Translation of Children’s Literature

Translation of Children’s Literature

As a field of study, children’s literature, and translation of children’s literature, in particular, is often sidelined. Translators of children’s books have rarely received the acknowledgment and credit that they deserve. In recent years, research across a number of disciplines has contributed to a rapidly developing knowledge and understanding of the cross-cultural transformation and reception of children’s literature. Many essays were published during the last years, reflecting the challenges and different ways to translate literature works for young readers.

The category of children’s literature combines such different genres as books for preschool children, for teenagers and its translation requires an understanding of the inner world of children and factors, affecting the development of the child. The successful translation of works for children is an exact balance of content, creativity, a simplicity of expression, and a kind of “linguistic liberties”. On the other hand, when translating literature, addressed to the teenage audience, an interpreter must constantly remember the fragility of the teenagers’ imaginary, no longer the children’s one, but not yet the adult’s.

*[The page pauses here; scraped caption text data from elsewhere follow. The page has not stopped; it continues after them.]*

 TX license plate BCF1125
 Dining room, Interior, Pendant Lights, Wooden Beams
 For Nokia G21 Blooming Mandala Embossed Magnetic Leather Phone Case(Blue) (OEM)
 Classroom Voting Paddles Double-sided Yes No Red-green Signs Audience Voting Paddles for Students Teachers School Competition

When translating a child’s work, it is necessary to take into account what age it is addressed to in order not to introduce into the text too associative and complicated images, epithets, comparisons, expressions, and so on. This spiritual duality raises the question of what exactly should be considered a children’s literature. Texts, written by adults specifically for children? Texts, written for adults, but readable by children with pleasure as well? Or texts that are read by both adults and children? At different times, the answers to these questions were different. Accordingly, the nature of the “adult-child” relationship has changed. For example, “Robinson Crusoe” and “Gulliver’s Adventures”, originally intended for adult readers, eventually became books for children.

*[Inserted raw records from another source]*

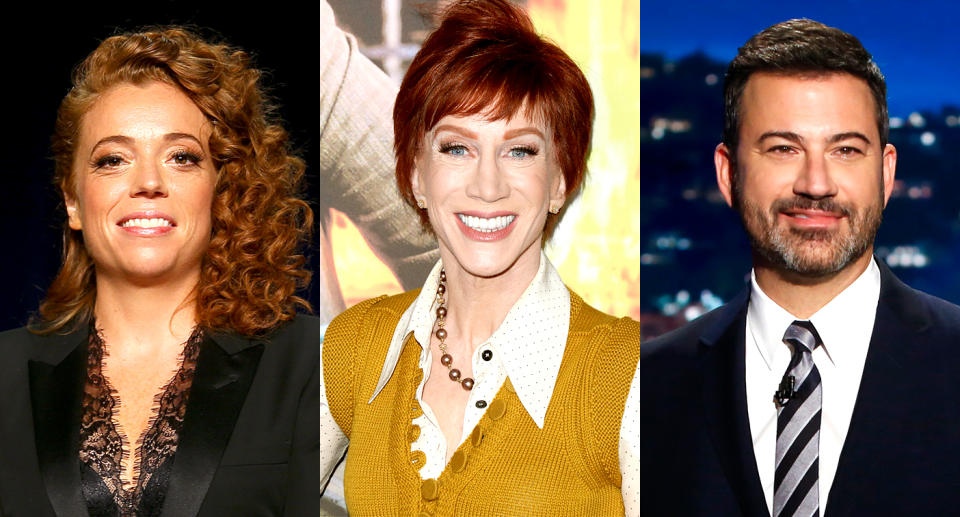 Michelle Wolf, Kathy Griffin, and Jimmy Kimmel. (Photos: Getty Images)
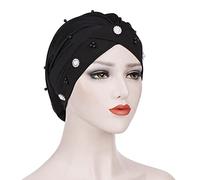 Turban Chimio Femme - Chapeau Chapeau Nuit Perlé Turban Chapeau Croix Femmes Musulmanes Front Petite Chimiothérapie Baotou Chapeau Casquettes De Baseball (Black One Size)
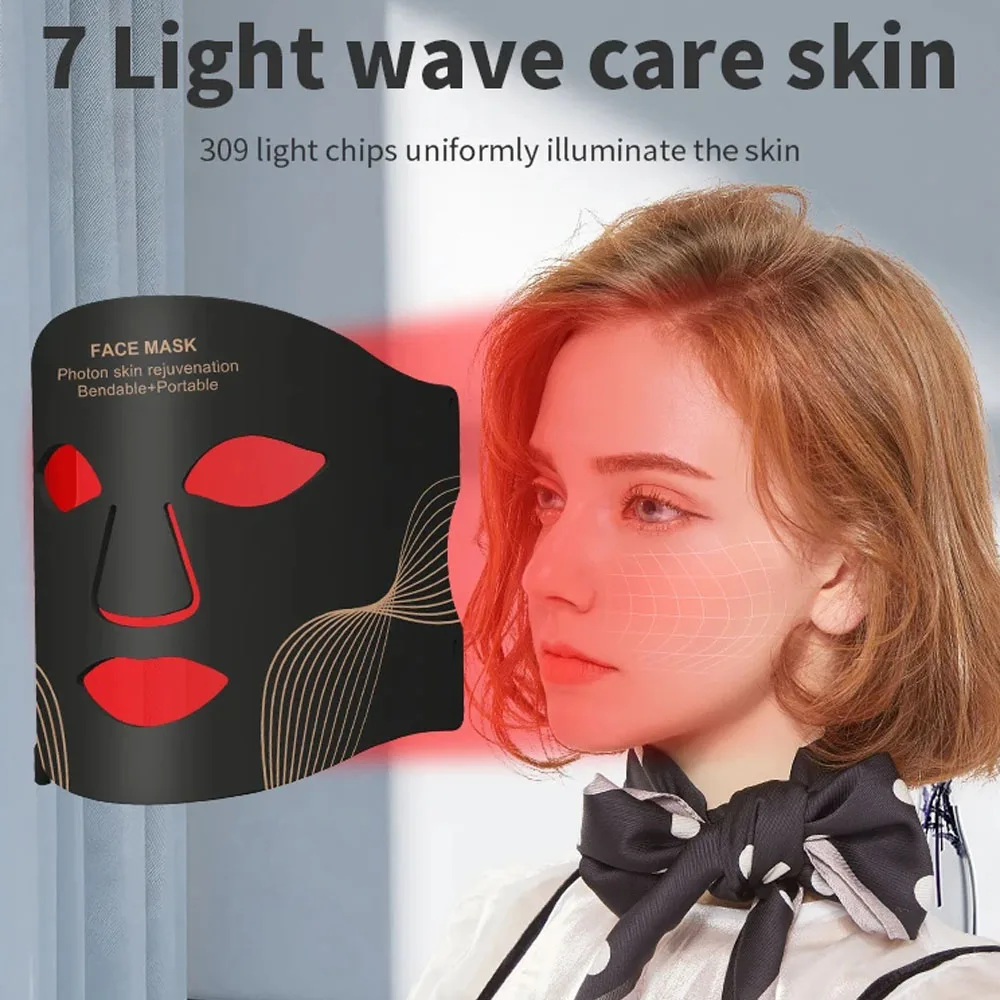 7 Color Photon Silicone Face LED Mask with Neck Whitening Skin Acne Blemish Firming Skin Deep Repair Remove Wrinkles Beauty Mask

The translator has the full right to clarify artistic details, of course, if this does not damage the author’s style. It happens that individual lines, and sometimes stanzas of the translated text, are difficult to translate by means of the native language. But other images can be strengthened somewhat, preserving the nature of the original source. If necessary, the translator has the right to withdraw from the original text, to omit certain details in the master’s name, or vice versa, to add some details in the name of greater artistic persuasiveness in conveying this principle. He also can expand or shorten the original text, but in all cases with one condition: these deviations should not lead beyond the author’s main idea. The freedom of an interpreter is permissible and even necessary within this imaginative system.Undoubtedly, translators, in order to more accurately reproduce the spirit, the idea, the poetics of the primary source, should avoid the formal and literal exactness, which often leads to the semantic awkwardness. At the same time, it is impossible to deal with the original text too freely. Translation, devoid of the national color of the original source, does not give any idea of the author’s originality and style to the foreign reader.

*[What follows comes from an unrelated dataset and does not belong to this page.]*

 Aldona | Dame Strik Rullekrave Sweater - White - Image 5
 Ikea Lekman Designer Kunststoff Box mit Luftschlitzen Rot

The fundamental difference between the texts for children and adults is demonstrated by the history of the development of children’s literature as a visual medium of information. Drawings in books add a new dimension to the dynamics of the relationship between the original language and the target language. An important component of the translation of children’s literature is the sound, especially in books for young children, which are usually read aloud by adults. One of the few scientists who studied the influence of syntactic changes on the “readability” of children’s literature was the Finnish linguist Marie Puurtinen. In 1995, she published the results of her research, during which two different translations of “The Wizard of Oz” by L. Baum into Finnish were compared. As it turned out, one of these translations was read aloud much easier, because his style was more dynamic and rhythmic. The sound structure of texts: lullabies, children’s songs, and poetry are of great importance for a child who is still in the process of revealing the secrets and depths of the phonology of his native language. That is why repetitions, rhyme, onomatopoeia, wordplay, nonsense, neologisms, and reproduction of sounds issued by animals are typical features of children’s texts, which require a considerable degree of linguistic creativity on the part of the translator.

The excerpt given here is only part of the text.